Segment Open

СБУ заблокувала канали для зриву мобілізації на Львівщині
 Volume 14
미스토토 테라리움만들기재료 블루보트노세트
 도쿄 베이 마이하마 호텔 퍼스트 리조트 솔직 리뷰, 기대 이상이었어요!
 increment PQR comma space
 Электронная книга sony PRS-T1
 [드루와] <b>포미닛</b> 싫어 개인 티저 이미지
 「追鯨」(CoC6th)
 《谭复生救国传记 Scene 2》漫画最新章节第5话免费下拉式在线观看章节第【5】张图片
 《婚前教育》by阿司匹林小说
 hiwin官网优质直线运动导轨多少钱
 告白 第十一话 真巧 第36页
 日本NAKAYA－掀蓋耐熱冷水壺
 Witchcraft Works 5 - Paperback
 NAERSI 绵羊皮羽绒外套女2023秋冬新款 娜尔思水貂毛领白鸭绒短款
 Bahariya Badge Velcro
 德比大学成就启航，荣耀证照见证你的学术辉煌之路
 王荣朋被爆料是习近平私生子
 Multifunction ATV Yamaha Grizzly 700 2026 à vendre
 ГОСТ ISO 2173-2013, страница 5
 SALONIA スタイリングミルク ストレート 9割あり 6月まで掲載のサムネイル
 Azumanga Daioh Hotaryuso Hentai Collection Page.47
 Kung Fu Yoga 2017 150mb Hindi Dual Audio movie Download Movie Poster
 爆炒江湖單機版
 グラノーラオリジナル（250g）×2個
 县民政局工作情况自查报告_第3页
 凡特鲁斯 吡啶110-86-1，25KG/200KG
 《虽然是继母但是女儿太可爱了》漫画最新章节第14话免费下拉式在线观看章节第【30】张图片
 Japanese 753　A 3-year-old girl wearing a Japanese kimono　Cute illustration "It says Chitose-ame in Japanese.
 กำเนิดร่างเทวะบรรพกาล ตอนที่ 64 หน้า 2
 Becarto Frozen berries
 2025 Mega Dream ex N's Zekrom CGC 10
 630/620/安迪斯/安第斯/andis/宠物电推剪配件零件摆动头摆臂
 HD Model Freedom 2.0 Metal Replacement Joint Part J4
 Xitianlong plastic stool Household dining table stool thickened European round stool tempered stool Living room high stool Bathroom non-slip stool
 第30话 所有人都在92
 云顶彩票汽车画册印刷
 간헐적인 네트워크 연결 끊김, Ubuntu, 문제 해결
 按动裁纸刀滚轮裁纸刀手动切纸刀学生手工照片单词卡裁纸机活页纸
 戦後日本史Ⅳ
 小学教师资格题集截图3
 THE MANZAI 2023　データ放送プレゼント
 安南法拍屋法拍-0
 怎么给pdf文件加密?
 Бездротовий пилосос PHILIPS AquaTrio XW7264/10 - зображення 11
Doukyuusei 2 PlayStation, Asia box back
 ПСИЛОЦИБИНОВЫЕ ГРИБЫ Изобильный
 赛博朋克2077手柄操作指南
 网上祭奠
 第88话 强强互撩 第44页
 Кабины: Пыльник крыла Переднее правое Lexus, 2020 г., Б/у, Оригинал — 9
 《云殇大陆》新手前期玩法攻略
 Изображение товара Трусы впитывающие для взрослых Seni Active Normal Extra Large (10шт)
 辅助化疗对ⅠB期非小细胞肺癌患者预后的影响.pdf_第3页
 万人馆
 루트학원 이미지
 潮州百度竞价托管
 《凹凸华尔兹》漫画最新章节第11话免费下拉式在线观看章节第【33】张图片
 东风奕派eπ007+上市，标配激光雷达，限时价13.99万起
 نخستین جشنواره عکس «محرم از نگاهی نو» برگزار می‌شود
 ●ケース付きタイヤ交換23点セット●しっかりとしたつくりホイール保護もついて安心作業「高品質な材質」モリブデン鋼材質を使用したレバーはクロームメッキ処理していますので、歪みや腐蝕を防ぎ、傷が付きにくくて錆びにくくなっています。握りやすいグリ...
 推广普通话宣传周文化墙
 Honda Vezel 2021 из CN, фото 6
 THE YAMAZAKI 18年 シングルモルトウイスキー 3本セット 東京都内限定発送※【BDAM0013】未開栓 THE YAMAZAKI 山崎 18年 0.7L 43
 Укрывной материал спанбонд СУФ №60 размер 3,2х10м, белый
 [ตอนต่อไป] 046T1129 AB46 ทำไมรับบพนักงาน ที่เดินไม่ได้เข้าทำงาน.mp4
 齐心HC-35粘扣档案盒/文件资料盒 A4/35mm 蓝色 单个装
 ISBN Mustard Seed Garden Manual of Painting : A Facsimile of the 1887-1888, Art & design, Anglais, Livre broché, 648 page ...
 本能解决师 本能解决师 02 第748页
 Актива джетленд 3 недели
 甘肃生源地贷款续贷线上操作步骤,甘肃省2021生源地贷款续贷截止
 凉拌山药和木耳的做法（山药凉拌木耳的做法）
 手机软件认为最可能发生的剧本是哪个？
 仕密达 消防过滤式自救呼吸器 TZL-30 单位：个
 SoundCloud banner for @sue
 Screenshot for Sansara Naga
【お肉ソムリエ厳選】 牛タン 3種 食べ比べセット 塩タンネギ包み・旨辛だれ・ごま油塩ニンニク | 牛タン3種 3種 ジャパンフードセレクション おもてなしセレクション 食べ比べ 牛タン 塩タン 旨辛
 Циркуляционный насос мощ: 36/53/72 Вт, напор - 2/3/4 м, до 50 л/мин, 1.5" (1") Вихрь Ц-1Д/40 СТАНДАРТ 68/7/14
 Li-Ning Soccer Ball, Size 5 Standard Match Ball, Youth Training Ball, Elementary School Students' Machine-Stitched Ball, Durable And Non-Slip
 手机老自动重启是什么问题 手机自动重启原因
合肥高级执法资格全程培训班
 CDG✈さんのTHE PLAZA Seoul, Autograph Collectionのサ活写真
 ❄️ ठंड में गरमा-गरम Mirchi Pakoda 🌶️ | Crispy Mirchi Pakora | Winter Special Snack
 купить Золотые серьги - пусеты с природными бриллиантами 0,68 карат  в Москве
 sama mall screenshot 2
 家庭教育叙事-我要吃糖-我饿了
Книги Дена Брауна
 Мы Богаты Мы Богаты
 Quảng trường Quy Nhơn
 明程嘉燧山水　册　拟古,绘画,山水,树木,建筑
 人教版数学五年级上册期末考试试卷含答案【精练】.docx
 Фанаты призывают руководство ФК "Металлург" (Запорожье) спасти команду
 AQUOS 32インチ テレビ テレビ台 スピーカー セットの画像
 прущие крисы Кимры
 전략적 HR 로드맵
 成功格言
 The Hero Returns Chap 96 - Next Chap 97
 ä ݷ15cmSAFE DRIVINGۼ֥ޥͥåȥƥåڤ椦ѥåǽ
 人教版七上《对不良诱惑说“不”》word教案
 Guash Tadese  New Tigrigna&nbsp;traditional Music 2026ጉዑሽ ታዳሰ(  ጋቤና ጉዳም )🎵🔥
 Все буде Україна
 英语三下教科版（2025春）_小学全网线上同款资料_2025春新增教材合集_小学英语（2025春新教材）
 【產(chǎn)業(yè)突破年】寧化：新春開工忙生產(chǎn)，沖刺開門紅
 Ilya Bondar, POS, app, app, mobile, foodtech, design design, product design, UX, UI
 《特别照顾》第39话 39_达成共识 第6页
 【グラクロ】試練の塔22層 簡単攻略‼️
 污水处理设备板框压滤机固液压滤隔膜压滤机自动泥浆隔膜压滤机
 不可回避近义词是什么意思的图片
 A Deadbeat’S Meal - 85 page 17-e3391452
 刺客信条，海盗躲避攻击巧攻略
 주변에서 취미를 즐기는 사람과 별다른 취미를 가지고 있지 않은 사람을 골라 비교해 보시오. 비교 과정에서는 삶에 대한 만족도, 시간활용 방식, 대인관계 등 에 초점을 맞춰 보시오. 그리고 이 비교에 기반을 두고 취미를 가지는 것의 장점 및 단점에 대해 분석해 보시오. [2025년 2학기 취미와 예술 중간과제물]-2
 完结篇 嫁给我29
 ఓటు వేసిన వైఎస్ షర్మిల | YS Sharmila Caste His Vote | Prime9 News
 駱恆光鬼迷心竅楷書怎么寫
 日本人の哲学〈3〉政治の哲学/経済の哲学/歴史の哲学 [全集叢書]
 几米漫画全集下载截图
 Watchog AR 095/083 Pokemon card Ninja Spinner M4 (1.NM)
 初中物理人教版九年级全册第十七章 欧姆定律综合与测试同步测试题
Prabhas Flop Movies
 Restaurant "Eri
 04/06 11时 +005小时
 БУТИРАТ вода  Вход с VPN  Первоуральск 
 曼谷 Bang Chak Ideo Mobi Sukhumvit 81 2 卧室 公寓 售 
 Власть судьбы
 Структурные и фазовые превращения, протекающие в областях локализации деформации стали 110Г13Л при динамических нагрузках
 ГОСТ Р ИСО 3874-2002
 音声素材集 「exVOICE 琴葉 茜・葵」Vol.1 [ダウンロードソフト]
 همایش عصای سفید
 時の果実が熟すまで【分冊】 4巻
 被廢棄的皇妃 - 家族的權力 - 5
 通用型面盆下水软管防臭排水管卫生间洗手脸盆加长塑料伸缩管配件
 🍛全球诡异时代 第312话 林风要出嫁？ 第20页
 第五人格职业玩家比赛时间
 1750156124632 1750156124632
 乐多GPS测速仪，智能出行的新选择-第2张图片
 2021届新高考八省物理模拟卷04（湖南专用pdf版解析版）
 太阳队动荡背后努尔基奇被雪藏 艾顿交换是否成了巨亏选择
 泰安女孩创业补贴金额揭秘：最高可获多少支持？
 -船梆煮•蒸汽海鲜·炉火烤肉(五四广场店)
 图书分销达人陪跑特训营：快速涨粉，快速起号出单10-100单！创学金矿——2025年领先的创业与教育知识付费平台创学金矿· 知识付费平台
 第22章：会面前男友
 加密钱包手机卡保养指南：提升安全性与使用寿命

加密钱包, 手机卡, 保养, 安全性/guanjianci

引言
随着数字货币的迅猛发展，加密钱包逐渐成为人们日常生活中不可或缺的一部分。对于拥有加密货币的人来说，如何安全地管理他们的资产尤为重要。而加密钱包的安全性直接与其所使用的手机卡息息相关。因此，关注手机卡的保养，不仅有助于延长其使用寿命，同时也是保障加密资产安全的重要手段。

Segment Closed

YOUR ASSIGNMENT:
If a line above holds the word "ГОСТ", count it; then say how many such lines there are and nothing else.

PROBLEM SOLUTION:
2